Gerdus · on June 15, 2011

Sweet. Scribd has an HTML5 document viewer so a PDF viewer is certainly doable. Maybe this will be included someday as a minimal PDF viewer in firefox.

Now all we need is a proper javascript printing api and almost all business application can be done in the browser.

windsurfer · on June 15, 2011

But this is pure client-side. Scribd does server-side generation of the HTML5 page.

skimbrel · on June 15, 2011

Yeah. If this gets more robust and productized, it just might eat Scribd's lunch.

webXL · on June 15, 2011

And Adobe's

dualogy · on June 15, 2011

...not sure. They're not exactly charging for Adobe Reader. If end users or site owners switch to a less bloated viewer, they still keep using Adobe's PDF format.

mbrubeck · on June 16, 2011

Here's a blog post by the authors (members of Mozilla's graphics and JavaScript teams) explaining the motivation and direction of the project:

http://andreasgal.com/2011/06/15/pdf-js/

ChrisArchitect · on June 15, 2011

nice technology demo -- I like using google quick view for pdf reading...this is a nice alternative... dreaming up uses for it - immediate display and download of pdf receipts that sort of thing?

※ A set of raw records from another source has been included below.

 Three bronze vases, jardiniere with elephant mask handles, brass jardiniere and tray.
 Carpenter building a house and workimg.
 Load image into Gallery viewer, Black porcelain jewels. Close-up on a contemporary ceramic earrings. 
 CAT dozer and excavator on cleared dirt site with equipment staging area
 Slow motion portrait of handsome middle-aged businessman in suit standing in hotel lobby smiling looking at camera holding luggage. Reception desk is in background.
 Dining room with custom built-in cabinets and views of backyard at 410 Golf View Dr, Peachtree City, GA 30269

bennytheshap · on June 15, 2011

I think it's not just the Chrome local policy that's getting in the way, but that the code does an XHR request and I don't think any browser passes that through straight to the filesystem.

pcwalton · on June 15, 2011

Firefox does, if the calling web page is itself a local file and the XHR requests a file in the same directory as or in a subdirectory of that page.

tomp · on June 15, 2011

Example rendere document: http://devongovett.github.com/pdf.js/test.html

neovive · on June 16, 2011

Very interesting. Is there a performance benefit to using "const" instead of "var" to declare variables in JS?

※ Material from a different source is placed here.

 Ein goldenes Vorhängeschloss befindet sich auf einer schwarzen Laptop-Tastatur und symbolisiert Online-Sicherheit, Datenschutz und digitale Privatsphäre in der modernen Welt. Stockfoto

singingfish · on June 16, 2011

Does this library provide the potential to extract the text out of the PDF for further processing?

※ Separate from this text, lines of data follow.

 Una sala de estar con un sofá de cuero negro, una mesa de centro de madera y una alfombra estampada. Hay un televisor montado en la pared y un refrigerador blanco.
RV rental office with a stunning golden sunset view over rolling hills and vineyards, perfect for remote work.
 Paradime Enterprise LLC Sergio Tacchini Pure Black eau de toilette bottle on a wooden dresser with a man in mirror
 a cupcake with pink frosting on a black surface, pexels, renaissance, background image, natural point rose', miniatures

albb0920 · on June 15, 2011

Cant find a link to working demo, I'm just too lazy to git clone.

devongovett · on June 15, 2011

http://devongovett.github.com/pdf.js/test.html

wccrawford · on June 15, 2011

I'd like to see more, too. From the readme, that seems very experimental and not likely to render much of anything yet.

ChrisArchitect · on June 15, 2011

speaking of google ..... so much for Chrome's built in pdf viewer..heh.

Lennie · on June 15, 2011

Feels a bit like deja vu from the google native client. As it was proven that many, many things are already fast in JavaScript.

starwed · on June 16, 2011

The author points out in a blog post that this, being pure .js, doesn't need any sandboxing.

Also, it'll actually be used by FF for rendering PDFs in the future, apparently.

bzbarsky · on June 16, 2011

"Fast" is always a relative concept.... http://devongovett.github.com/pdf.js/test.html is about 4x faster in a tip Firefox than a tip Chrome for me.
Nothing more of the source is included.